Неужели мы избрали бы для себя «милосердный» внезапный конец, если бы в зрелом возрасте, скажем, в день своего сорокалетия нам представилась возможность выбрать себе кончину? Даже будь у нас элементарное и закрепленное законами право умереть легкой смертью с сочувственной помощью окружающих? Даже успей мы к нами же назначенному сроку завершить все свои земные дела и должным образом, в духе принципов эвтелии проститься с близкими?
Я уже не раз упоминал, что в ситуации опасности, угрозы для жизни страх смерти является естественной защитной биофизиологической реакцией и важной составной частью заложенного в нас вышнего попечительства. Инстинкт призывает к осторожности, подталкивает к бегству, стоит только показаться хищным зверям или вдруг разверзнуться пропасти под ногами.

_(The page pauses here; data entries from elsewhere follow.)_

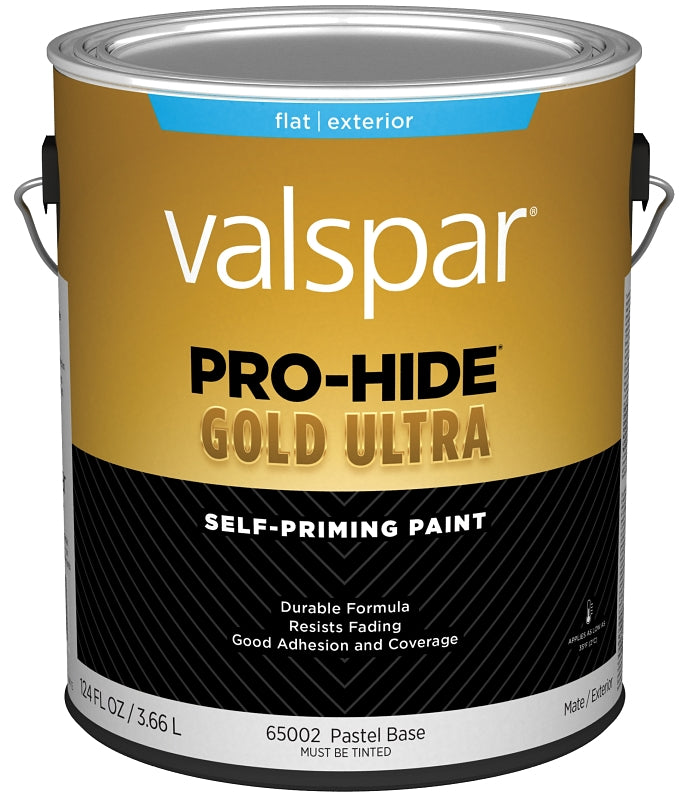 Valspar Pro-Hide Gold Ultra 6500 028.0065002.007 Latex Paint, Acrylic Base, Flat Sheen, Pastel Base, 1 gal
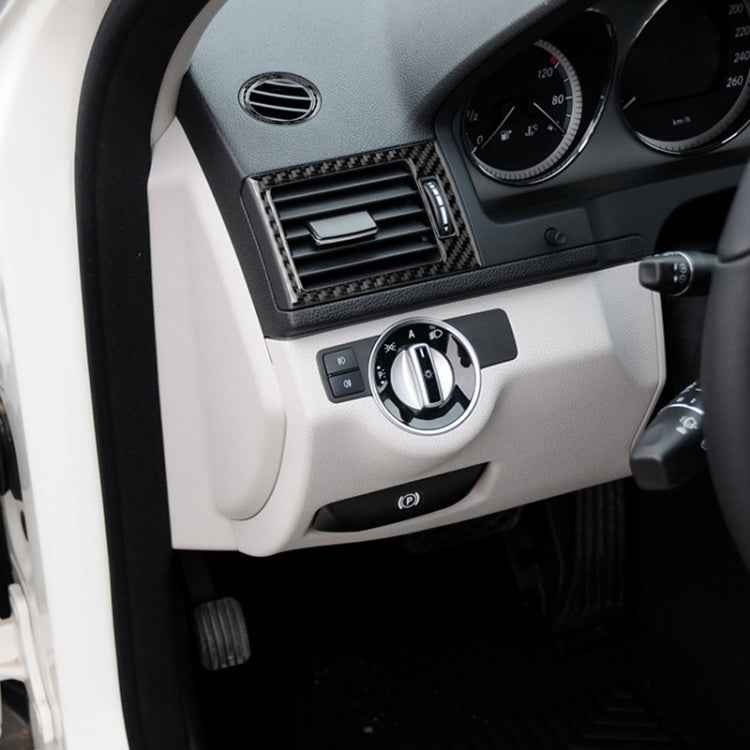 Car Carbon Fiber Air Outlet Ring + Intermediate Air Outlet + Side Air Outlet Panel Decorative Sticker for Mercedes-Benz W204 2007-2010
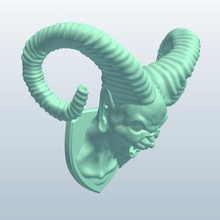 demon head mount v1 mythical creatures printable lowpoly 3d print model - Mito3D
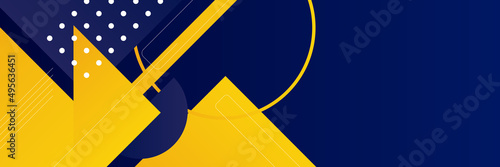Abstract background with dynamic effect. Modern blue yellow banner pattern. Vector illustration for design.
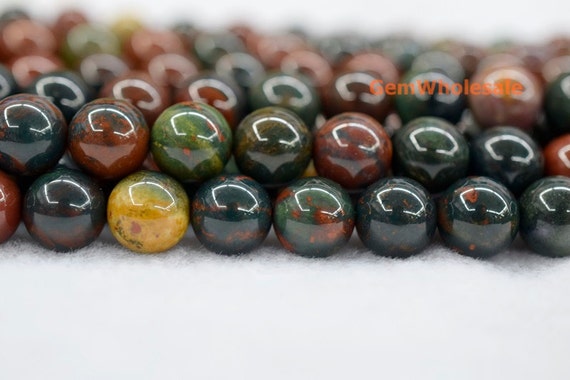 15.5" 8mm Natural Indian Bloodstone Round Beads, Indian Blood Stone Beads, Green Red Multi Color Semi-preciouse Stone Beads,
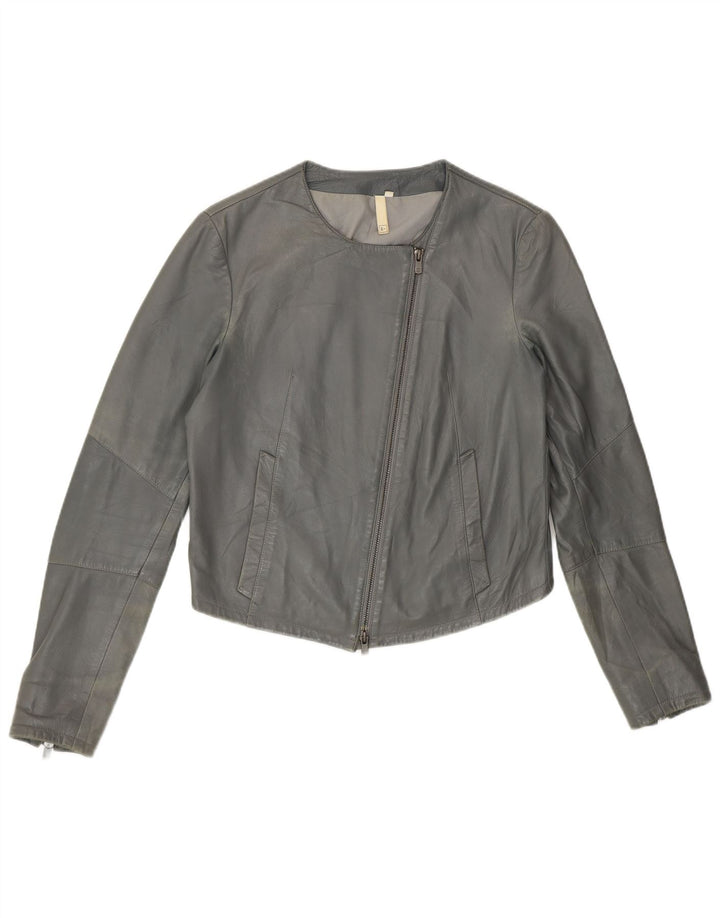 Giacca in pelle corta da donna vintage UK 12 Pelle grigio medio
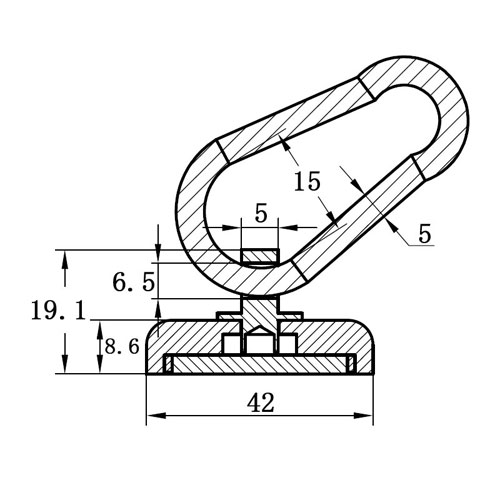 超強力ネオジウムマグネット磁石フックカラビナタイプサイズ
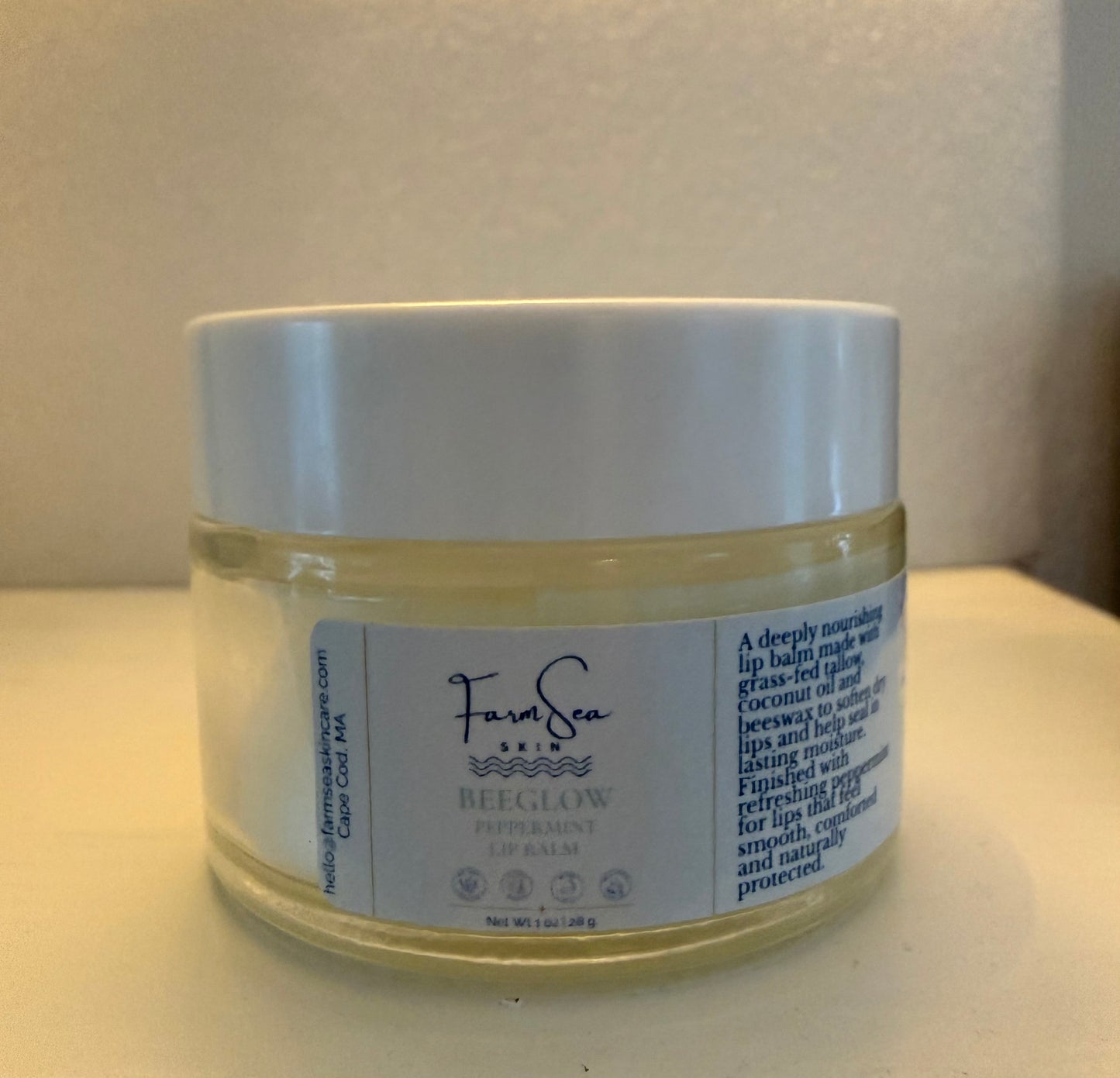 BeeGlow Lip Balm ~ 1 oz glass jar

Не с этим животным страхом следует бороться, подавляя его в себе, а со страхом смерти, сопровождающим осознание собственной смертности, страхом, способным отравить человеку жизнь. Следует избавляться не от страха, защищающего нас перед лицом опасности, но от парализующего ужаса перед неизбежным концом, умиранием, агонией — ужаса, омрачающего последние годы жизни.
В каждой культуре были свои методы, свои системы верований и обрядов, которые помогали освобождению от страха смерти. Последователей христианского учения спасала от него вера в потустороннюю благодать для тех, кто на земле вел праведную жизнь; вера в искупительную силу страдания помогала претерпеть предсмертные муки, а для людей истово верующих, мучения на смертном одре даже имели свою притягательность.